Think of it as a murder mystery set millions of years ago.

Paleontologists excavate an area and discover a variety of dinosaur bones. They wonder: “Why are there so many meat-eating dinosaurs and so few plant-eaters?”

Iola student Leanna Flory examined the replicas of bones laid out on tables at Jefferson Elementary School on Thursday evening, ready to solve the mystery. 

She learned to identify the bones of the plant-eating dinosaurs.

“Their teeth are less sharp. They’re flat,” she said. “The dinosaurs chew plants to make them easier to digest.”

To solve the mystery, you have to imagine the scene and use critical thinking skills:

A handful of plant-eating dinosaurs wander into a mud bog, looking for food. They get stuck and die.

The scent of their rotting corpses attracts a group of hungry meat-eating dinosaurs, who also get stuck in the mud and die. That attracts even more meat-eating dinosaurs who face the same fate.

Ian Trevethan, educational director for the Sternberg Museum in Hays, set up the bone replicas and the murder mystery for Jurassic Blue Plate Special, an event organized by SAFE BASE and Title I for Iola elementary students.

Paige and Jim Olson dig carefully through plaster for tiny dinosaur bones. Photo by Vickie Moss / Iola Register

Hundreds of students and their families gathered at Jefferson for a night filled with games, activities and educational events. 

The students filled out applications to become an honorary paleontologist, then set about on a journey through the school, checking out various stations along the way.

They were able to meet Trevethan and learn how paleontologists use fossils to study prehistoric life on Earth.

Cambree, left, and Tess Harper make dinosaur skeletons out of toothpicks and marshmallows.Photo by Vickie Moss / Iola Register

They dug through coprolite — that’s dinosaur poop — to determine if a dinosaur was an herbivore, a carnivore or an omnivore.

They practiced excavation techniques. Some of them used real shark teeth to chip away at plaster casts to find tiny dinosaur bones. Others dug into chocolate chip cookies, sorting the chips from the dough as a test of graphing and mapping techniques — and willpower. 

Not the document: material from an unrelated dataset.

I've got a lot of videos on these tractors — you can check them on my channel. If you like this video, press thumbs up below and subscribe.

“I really liked the digging,” student Braylon Johnson said. “But the marshmallows were my favorite because I could eat them.”

He referred to a station that asked students to put together a dinosaur skeleton using toothpicks and marshmallows. The marshmallows are supposed to hold the “bones” together.

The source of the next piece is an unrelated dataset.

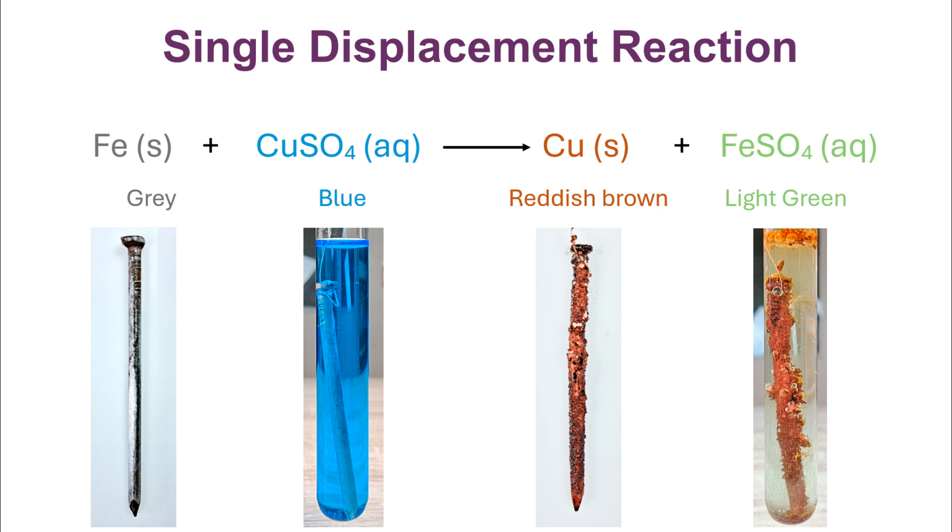This mutual exchange or displacement is also an example of a redox reaction. To know more about how the displacement reaction of iron and copper sulfate is also a redox reaction, you can check out the other video on redox reaction by clicking on the link in the description below.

A taco bar allowed them to create a meal and determine if they were carnivores, herbivores or both. 

Oliver Insley picks out a basil plant to take home.Photo by Vickie Moss / Iola Register

SAFE BASE students have been learning about prehistoric Kansas, most of which was once covered by a warm, shallow seaway. Because of that, Kansas is known for its fossils and salt mines.

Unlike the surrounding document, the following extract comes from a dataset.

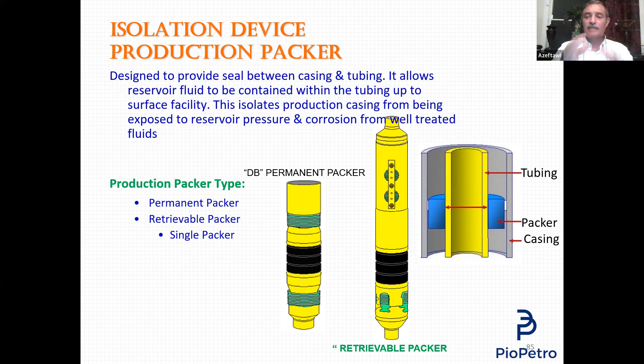If you decide to run a retrievable packer, this type of packer is run with the completion — it is part of the completion, fixed to it — and you run it to the desired depth. You can set it hydraulically the same way as the permanent packer: run a plug inside the production tubing, set it in a landing nipple below the packer, apply pressure until the designed pressure shears the sitting pins. When the sitting pins are sheared, the rubber element inflates and the slips bite the casing.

This is the first time SAFE BASE partnered with the Title I teachers for an event, and it combined a series of educational lessons on math and reading with fun and adventure. 

“It worked really well and we had an awesome turnout,” SAFE BASE Director Angela Henry said.

Ava Gragg, far right, reacts to digging through coprolite (dinosaur poop). Photo by Vickie Moss / Iola Register
Carter Ashworth, Conner Herb, Matrim Olson and Grif Olson excavate chocolate chips out of a cookie.Photo by Vickie Moss / Iola Register
Ty Thomas excavates a cookie.Photo by Vickie Moss / Iola Register

In the past, SAFE BASE celebrated Shark Week. That has evolved to a wider range of lessons, such as all aspects of prehistoric life.

“At one point in time, the area where we live was pretty close to being ocean-front property. Our area of the state was just on the edge, and there were some pretty vicious creatures that lived here,” Henry said.

Harper, Hendrix and Weston Folk pose for a photo.Photo by Vickie Moss

THE SAFE BASE Summer Program begins May 31 and concludes on June 23. It is offered from 8:30 a.m. to 12:30 p.m. except the first week, which begins on a Tuesday. On Fridays, the group takes a field trip.

This year, field trips will go to the Oklahoma Aquarium near Tulsa, Strataca: The Underground Salt Museum at Hutchinson, the Urban Air Trampoline Park at Lenexa in the Kansas City area, and Rock River Rapids — Derby Aquatic Park.

The program is free to USD 257 students currently enrolled in kindergarten through eighth grade, and to home-schooled children.